UK Parliament / Open data

Ministry of Defence

Proceeding contribution from Toby Perkins (Labour) in the House of Commons on Monday, 26 February 2018. It occurred during Estimates day on Ministry of Defence.

The scale of the cuts we have experienced in defence are genuinely endangering our ability and the Government’s ability to protect our nation.

I maintain the point that I made earlier. It is tremendously disappointing that the Secretary of State is not here to respond to the debate. I take the Minister’s point about the fact that the Secretary of State is meeting the Prime Minister. I am sure she is a busy woman and he is a busy man, but, given how much we read about how extensively the Secretary of State is supposed to be lobbying for defence spending, it would have been good if he had been here.

I have been in the position of being on the Front Bench and having people complain about the fact that I am the one responding. It is meant as no insult to the Minister. In my opinion, he might make a better Secretary of State than the one we have at the moment, but I do not mean to undermine his career by saying so. I would prefer it even more if my hon. Friend the Member for Llanelli (Nia Griffith) was the Secretary of State. I say again, it would have been good if the Secretary of State had been here.

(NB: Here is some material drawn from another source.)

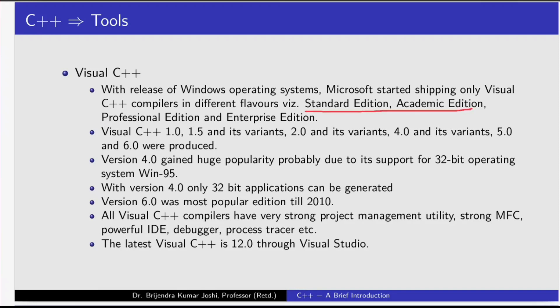Visual C++ editions include standard edition, academic edition, professional edition, and enterprise edition. Visual C++ 1.0, 1.5 and its variants, 2.0 and its variants, 4.0 and its variants, 5.0, and 6.0 were produced. Version 4.0 gained huge popularity probably due to its support for 32-bit operating system Windows 95. With version 4.0, only 32-bit applications can be generated. Version 6.0 was the most popular edition till 2010. All Visual C++ compilers have very strong project management utility, strong MFC, powerful IDE, debugger, process tracer, etc. The latest Visual C++ is 12.0, available through Visual Studio.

I repeat the point made by my hon. Friend the Member for Bridgend (Mrs Moon): it would be a tremendous shame if the Minister was forced into a position where he felt he had to resign because of the level of cuts to the Ministry of Defence. He would be a loss to the Government. I know how seriously he takes his position and what an agony it would be for him if he had to do so, so I hope he is not placed in that position.

The truth is that this Government have presided over a scale of cuts and over the failure of armed forces recruitment that we have seen. The Government have presided over huge cuts—[Interruption.] The Secretary of State’s arrival shows the power of my speeches. Not only have the Government broken their 2015 manifesto pledge to retain a standing Army of 82,000, but we continue to see more people leaving the Army than joining it, and under this Government military housing is in a disgraceful state.

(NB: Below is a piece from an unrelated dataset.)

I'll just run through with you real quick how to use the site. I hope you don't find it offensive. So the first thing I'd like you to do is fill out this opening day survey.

The Government have announced numerous unfunded spending commitments, which are estimated by the National Audit Office to have left a £21 billion black hole, and they have achieved their commitment to continue spending 2% of GDP on defence by including things that would never previously have been included. I have to say—I am sure my hon. Friend the Member for North Durham (Mr Jones), who was previously on the Front Bench, would repeat this with feeling—that if any Labour Secretary of State for Defence had presided over such a record, the right-wing press would be demanding their head on a platter in a way that defied anything previously seen in the press.

The moment is arriving when the Government must decide what their story is. We are hearing that the country faces very significant new threats. The scale of the threat from Russia has grown to its greatest extent at any time since the cold war. Brexit means that a not insignificant element of our key partners’ defence response will take place through an institution that we are no longer a part of. There is an urgent need to scale up our cyber and hybrid warfare capabilities. We have observed the extent of Russia’s upscaling of its capabilities, and we need to take action to ensure that we are responding. We are also seeing regular incursions by Russian aircraft and submarines into UK space, and an increasingly aggressive posture by Russia and Putin. If all those things are true—I believe they are, and we have heard from credible sources that they are—it is unconscionable for defence spending to have such a low priority in the apparent strategic approach of the wider Government.

As my hon. Friend has said, the roots of the current defence spending crisis lie in the disastrous 2010 SDSR, and the Government must be held to account for their performance. The real-terms funding cut in the departmental expenditure limit since 2010 is almost £10 billion. As my colleagues have said, this is an extraordinary amount out of a budget that was about £40 billion back in 2010, and this at a time when inflation in defence equipment and skill shortages has grown substantially. It is therefore impossible to take seriously the suggestion that the Prime Minister is presiding over a Government who have our nation’s future safe in their hands.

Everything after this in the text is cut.